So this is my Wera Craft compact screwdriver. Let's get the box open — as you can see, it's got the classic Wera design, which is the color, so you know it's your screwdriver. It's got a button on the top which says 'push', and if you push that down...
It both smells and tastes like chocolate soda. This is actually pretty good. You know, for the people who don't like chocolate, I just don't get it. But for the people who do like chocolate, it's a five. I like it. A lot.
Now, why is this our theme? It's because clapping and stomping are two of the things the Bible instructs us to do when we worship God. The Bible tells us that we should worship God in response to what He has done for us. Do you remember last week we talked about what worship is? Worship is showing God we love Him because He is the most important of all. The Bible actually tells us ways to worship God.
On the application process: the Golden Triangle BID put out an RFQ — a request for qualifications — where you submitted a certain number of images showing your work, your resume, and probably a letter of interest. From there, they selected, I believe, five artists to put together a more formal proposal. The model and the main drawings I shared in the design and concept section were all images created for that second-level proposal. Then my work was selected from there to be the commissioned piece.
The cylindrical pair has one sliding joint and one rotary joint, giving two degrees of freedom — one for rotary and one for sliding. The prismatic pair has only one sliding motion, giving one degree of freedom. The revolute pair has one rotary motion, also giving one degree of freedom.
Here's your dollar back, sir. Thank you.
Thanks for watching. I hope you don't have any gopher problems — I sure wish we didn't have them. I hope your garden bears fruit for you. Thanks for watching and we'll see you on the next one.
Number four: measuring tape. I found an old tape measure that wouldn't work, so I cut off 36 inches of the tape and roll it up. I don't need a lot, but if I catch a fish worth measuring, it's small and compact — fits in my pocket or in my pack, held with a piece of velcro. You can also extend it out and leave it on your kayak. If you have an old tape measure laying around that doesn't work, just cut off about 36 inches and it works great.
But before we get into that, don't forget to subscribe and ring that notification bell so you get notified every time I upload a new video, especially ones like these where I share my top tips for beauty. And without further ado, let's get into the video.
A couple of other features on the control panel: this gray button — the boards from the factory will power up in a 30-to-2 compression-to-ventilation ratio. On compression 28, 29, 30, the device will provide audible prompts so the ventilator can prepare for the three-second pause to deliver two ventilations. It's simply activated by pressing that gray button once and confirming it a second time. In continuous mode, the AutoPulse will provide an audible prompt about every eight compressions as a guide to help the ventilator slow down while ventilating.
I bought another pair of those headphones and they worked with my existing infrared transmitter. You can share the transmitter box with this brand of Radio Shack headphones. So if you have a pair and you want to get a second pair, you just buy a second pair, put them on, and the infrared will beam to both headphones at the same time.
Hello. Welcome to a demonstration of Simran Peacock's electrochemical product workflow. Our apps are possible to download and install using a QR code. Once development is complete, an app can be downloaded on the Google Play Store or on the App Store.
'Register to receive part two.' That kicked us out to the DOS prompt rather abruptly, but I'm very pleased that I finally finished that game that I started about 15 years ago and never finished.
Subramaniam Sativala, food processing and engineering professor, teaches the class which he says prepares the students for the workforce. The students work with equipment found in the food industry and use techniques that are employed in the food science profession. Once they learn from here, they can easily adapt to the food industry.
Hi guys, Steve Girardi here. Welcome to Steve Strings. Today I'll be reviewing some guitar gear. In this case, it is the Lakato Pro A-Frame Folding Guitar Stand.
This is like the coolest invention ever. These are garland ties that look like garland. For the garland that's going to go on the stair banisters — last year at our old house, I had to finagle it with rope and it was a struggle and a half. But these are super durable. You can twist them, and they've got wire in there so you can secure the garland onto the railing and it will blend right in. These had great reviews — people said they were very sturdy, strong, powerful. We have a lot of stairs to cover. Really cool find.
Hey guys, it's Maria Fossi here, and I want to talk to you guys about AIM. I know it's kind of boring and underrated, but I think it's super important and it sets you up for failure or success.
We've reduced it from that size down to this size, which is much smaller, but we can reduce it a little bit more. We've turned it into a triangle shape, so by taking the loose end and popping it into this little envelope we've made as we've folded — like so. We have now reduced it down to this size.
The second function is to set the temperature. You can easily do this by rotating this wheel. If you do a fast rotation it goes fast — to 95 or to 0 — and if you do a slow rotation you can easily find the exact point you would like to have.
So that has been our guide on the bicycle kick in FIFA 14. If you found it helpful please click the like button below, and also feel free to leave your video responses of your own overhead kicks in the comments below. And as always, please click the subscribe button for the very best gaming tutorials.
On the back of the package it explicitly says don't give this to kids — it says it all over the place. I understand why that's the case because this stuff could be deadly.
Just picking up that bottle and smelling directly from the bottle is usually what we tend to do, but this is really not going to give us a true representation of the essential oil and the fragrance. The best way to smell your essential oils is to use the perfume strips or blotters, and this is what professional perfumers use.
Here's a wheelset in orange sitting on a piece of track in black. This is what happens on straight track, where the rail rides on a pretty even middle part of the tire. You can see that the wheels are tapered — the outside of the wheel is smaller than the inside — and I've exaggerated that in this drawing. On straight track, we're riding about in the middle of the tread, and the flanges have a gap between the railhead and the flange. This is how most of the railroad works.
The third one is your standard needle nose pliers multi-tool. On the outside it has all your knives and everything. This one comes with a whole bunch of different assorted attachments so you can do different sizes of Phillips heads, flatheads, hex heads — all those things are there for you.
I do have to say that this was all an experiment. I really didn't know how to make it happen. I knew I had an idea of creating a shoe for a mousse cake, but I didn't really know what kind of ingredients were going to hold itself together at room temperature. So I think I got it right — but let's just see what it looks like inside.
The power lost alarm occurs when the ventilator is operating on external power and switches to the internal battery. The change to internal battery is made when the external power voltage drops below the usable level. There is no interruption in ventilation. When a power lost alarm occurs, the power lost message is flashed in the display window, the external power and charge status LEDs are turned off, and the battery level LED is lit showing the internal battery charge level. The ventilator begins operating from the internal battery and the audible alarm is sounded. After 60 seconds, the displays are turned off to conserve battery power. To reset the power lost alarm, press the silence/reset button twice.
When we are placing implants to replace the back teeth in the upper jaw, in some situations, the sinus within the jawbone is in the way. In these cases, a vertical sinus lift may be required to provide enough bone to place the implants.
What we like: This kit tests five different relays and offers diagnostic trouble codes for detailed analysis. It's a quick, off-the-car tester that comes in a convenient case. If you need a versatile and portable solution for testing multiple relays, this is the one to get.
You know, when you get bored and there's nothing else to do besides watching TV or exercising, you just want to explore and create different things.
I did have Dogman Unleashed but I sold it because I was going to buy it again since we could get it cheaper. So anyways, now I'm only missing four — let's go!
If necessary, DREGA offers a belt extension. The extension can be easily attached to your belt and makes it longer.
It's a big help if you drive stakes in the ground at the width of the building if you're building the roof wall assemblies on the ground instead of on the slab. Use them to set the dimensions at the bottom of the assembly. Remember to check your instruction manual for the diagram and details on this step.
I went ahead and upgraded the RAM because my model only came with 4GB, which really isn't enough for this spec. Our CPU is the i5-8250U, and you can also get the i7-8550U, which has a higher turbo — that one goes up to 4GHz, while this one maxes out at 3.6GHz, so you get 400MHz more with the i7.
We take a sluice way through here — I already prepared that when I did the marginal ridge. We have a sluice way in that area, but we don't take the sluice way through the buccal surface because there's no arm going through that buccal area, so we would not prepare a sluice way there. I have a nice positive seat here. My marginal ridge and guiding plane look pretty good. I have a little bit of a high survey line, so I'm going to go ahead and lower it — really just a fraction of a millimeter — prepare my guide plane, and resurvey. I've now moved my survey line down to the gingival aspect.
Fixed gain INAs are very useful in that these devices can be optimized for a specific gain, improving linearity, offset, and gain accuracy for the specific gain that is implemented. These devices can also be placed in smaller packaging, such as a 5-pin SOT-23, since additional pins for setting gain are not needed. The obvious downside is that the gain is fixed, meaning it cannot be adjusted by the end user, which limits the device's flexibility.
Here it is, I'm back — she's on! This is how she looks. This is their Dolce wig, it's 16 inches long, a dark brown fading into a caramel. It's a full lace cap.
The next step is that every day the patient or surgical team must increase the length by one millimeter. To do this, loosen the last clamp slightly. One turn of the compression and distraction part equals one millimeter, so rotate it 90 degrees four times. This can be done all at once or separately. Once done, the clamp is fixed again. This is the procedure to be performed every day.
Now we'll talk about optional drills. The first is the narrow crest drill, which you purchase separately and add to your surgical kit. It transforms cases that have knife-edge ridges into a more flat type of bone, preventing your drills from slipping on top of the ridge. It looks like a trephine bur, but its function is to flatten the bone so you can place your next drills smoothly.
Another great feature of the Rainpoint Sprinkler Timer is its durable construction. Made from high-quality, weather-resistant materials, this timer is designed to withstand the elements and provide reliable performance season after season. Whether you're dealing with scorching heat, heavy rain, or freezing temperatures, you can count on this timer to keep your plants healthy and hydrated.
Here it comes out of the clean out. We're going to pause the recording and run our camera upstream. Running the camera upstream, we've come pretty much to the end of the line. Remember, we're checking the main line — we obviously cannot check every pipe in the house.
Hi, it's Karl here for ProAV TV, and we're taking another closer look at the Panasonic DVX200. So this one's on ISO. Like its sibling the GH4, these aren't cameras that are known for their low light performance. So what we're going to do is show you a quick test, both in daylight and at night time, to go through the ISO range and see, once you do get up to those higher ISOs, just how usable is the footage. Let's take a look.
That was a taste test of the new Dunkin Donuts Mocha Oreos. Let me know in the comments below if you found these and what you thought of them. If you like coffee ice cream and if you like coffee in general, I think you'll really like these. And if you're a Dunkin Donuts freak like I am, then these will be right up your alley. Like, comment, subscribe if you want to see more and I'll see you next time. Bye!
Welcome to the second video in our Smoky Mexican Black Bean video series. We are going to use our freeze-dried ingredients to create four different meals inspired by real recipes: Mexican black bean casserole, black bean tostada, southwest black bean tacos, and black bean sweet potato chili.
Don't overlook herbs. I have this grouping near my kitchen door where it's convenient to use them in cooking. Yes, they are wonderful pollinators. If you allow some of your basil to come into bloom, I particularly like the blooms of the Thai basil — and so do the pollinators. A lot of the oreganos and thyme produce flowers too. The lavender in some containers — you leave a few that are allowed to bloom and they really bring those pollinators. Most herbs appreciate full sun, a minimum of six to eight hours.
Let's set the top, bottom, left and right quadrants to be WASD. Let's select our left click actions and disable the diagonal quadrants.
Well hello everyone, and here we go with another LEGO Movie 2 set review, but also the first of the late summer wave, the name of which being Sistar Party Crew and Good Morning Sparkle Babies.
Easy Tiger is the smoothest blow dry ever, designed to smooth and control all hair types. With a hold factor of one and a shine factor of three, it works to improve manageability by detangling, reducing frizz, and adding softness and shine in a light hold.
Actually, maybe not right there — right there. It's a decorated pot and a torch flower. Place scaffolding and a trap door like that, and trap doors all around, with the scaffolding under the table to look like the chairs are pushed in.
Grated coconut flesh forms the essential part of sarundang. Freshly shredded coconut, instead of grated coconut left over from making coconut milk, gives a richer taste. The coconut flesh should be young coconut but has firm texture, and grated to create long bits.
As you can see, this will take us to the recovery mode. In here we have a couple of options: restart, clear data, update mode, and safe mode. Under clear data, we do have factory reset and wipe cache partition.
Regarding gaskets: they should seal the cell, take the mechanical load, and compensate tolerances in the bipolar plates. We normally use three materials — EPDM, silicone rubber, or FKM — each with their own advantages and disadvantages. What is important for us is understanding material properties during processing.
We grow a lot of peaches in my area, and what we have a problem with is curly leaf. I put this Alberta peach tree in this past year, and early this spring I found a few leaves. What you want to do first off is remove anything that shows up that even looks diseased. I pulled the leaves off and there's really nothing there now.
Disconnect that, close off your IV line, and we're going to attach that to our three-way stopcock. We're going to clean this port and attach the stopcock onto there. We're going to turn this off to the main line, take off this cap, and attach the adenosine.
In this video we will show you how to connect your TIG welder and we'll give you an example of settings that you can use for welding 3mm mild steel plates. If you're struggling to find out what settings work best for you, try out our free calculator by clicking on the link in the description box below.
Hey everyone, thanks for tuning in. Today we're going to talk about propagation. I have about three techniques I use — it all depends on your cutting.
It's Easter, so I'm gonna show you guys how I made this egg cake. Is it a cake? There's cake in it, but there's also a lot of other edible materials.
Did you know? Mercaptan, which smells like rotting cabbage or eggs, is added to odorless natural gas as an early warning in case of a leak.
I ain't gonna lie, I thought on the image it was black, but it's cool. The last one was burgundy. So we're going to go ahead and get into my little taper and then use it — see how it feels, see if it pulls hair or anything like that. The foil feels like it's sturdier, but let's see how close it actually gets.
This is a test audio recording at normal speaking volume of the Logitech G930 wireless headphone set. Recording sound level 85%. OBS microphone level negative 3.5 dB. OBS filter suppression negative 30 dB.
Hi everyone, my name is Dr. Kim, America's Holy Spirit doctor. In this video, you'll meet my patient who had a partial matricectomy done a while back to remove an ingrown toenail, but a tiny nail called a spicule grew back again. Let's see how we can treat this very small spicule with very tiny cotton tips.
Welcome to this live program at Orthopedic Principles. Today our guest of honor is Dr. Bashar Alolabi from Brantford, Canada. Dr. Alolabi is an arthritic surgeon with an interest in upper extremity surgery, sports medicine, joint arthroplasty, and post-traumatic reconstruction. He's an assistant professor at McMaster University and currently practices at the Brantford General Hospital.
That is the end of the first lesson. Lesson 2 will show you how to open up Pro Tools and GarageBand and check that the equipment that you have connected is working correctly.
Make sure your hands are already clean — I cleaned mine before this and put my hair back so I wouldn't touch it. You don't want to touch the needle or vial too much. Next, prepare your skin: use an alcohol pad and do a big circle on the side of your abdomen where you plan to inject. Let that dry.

§ **Task details**: All lines above from the one containing "Actually, maybe not" to the one containing "Regarding gaskets: they" must be repeated exactly, both lines included, and no others.

§ **Answer area**:
Actually, maybe not right there — right there. It's a decorated pot and a torch flower. Place scaffolding and a trap door like that, and trap doors all around, with the scaffolding under the table to look like the chairs are pushed in.
Grated coconut flesh forms the essential part of sarundang. Freshly shredded coconut, instead of grated coconut left over from making coconut milk, gives a richer taste. The coconut flesh should be young coconut but has firm texture, and grated to create long bits.
As you can see, this will take us to the recovery mode. In here we have a couple of options: restart, clear data, update mode, and safe mode. Under clear data, we do have factory reset and wipe cache partition.
Regarding gaskets: they should seal the cell, take the mechanical load, and compensate tolerances in the bipolar plates. We normally use three materials — EPDM, silicone rubber, or FKM — each with their own advantages and disadvantages. What is important for us is understanding material properties during processing.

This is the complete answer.